The Fairfax, Va., native says she began pursuing a position with Cirque about four years before she landed a spot with the troupe. The last year of the courtship involved multiple trips up to Cirque’s headquarters in Montreal for a series of grueling interviews.
Liking what they saw in her, Cirque eventually hired Lalande as one of its artistic directors, and she spent the next three years living like a gypsy while touring the world with such shows as “Kooza” and “Totem.” But Lalande can finally put away her suitcases, as she has a more grounded gig with “Love.”
“For me, it was time to settle down a bit,” she says.
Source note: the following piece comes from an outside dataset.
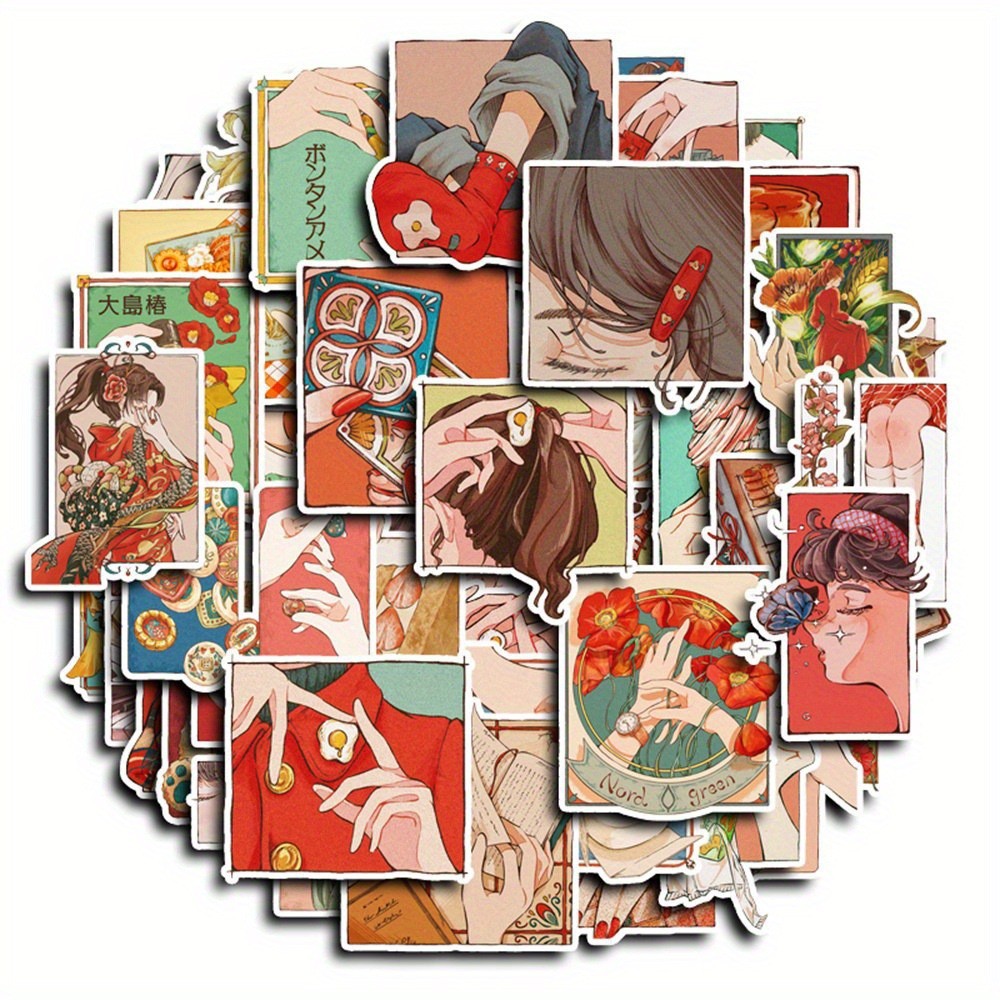 50 Adesivos Estilo Vintage Tra - Japanese Lifestyle Anime avaliação e preço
Housed in a theater at the Mirage Hotel and Casino built specifically for the Cirque show, “Love” is a mesmerizing and colorful look back at the evolution of the Beatles set to the music of the Fab Four. It was created by late Beatle George Harrison and Cirque founder Guy Laliberté. “It was such an historical collaboration,” Lalande points out.
When interviewed in early October, Lalande had just arrived in Las Vegas and had yet to fully ensconce herself in her new role. But, in the near future, she says, she hopes to infuse some of her own touches into the program. “You first look at what’s been done, what’s been tried, before adding your two cents,” she says. “But with time, your style comes in.”
And while much of her success is attributed to her own hard work and persistence, Lalande doesn’t hesitate to give credit to her training at Mason, where some of that style was undoubtedly groomed.
“I had a lot of phenomenal teachers,” she recalls of her time spent in what was then the Dance Department, now the School of Dance. “Those people taught me how to construct and deconstruct a show.”
As for her future, Lalande is not resting on her creative laurels. Outside of Cirque, she’s still involved with Mayzsoul as its director and is working on a children’s book that she hopes to turn into a movie someday.
“It’s been keeping me very entertained,” she says of working for Cirque. “But life is long, and I have a lot more ideas.”